(Beginning of Dataset extract)

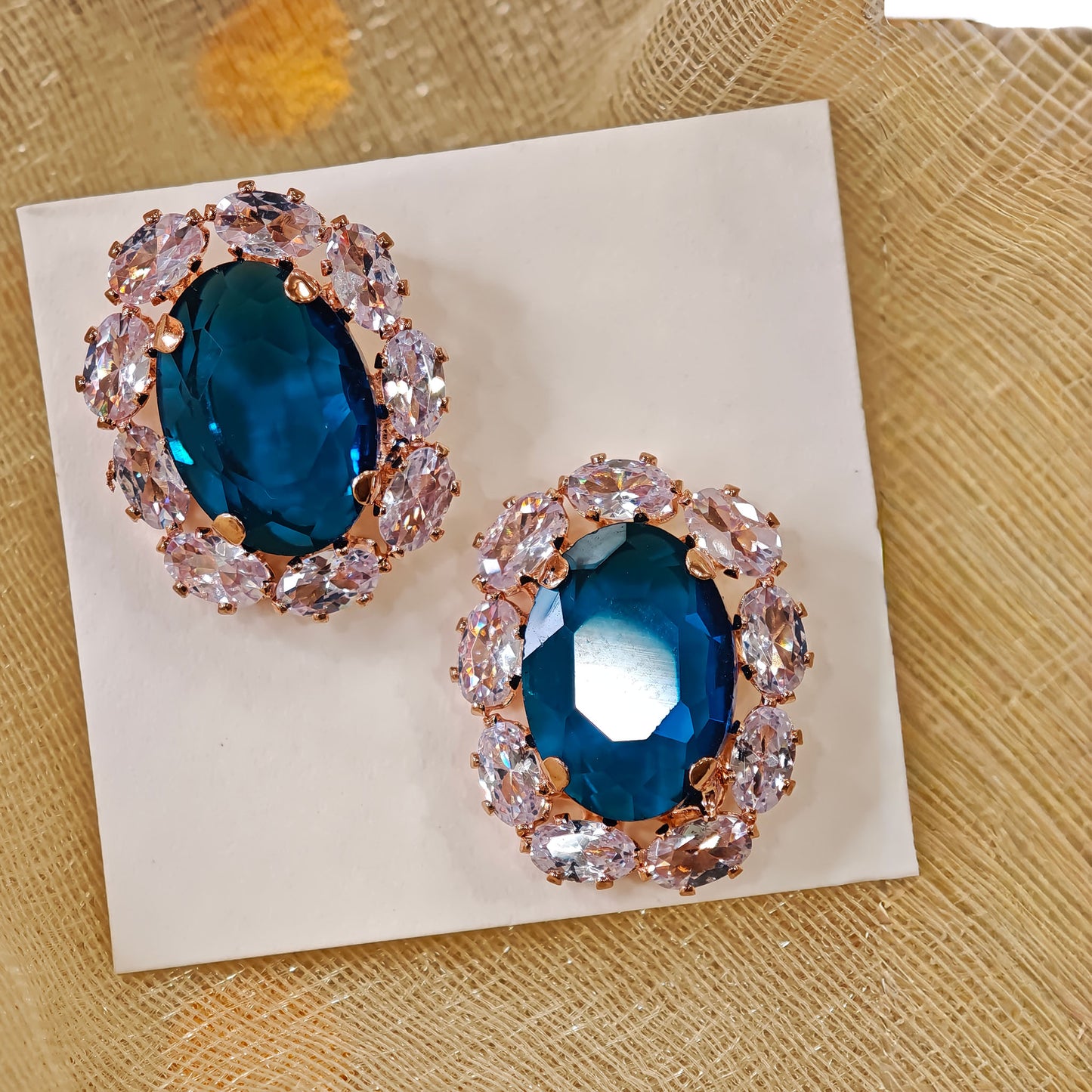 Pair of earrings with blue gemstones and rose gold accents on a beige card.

(End of Dataset extract)
(Beginning of Dataset extract)

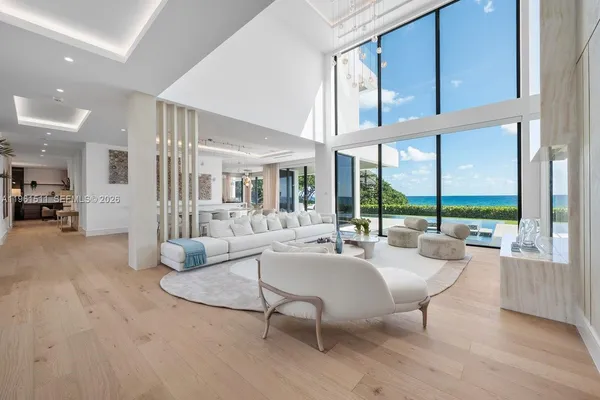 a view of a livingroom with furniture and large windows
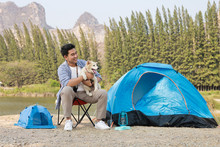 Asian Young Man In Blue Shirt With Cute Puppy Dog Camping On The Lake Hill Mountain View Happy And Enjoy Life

(End of Dataset extract)

Problem to work on
In the listing above, find the line containing "a view of a" and the line containing "Asian Young Man", then output those two lines and everything between them exactly as written, without the images.

Your response
 a view of a livingroom with furniture and large windows
 Asian Young Man In Blue Shirt With Cute Puppy Dog Camping On The Lake Hill Mountain View Happy And Enjoy Life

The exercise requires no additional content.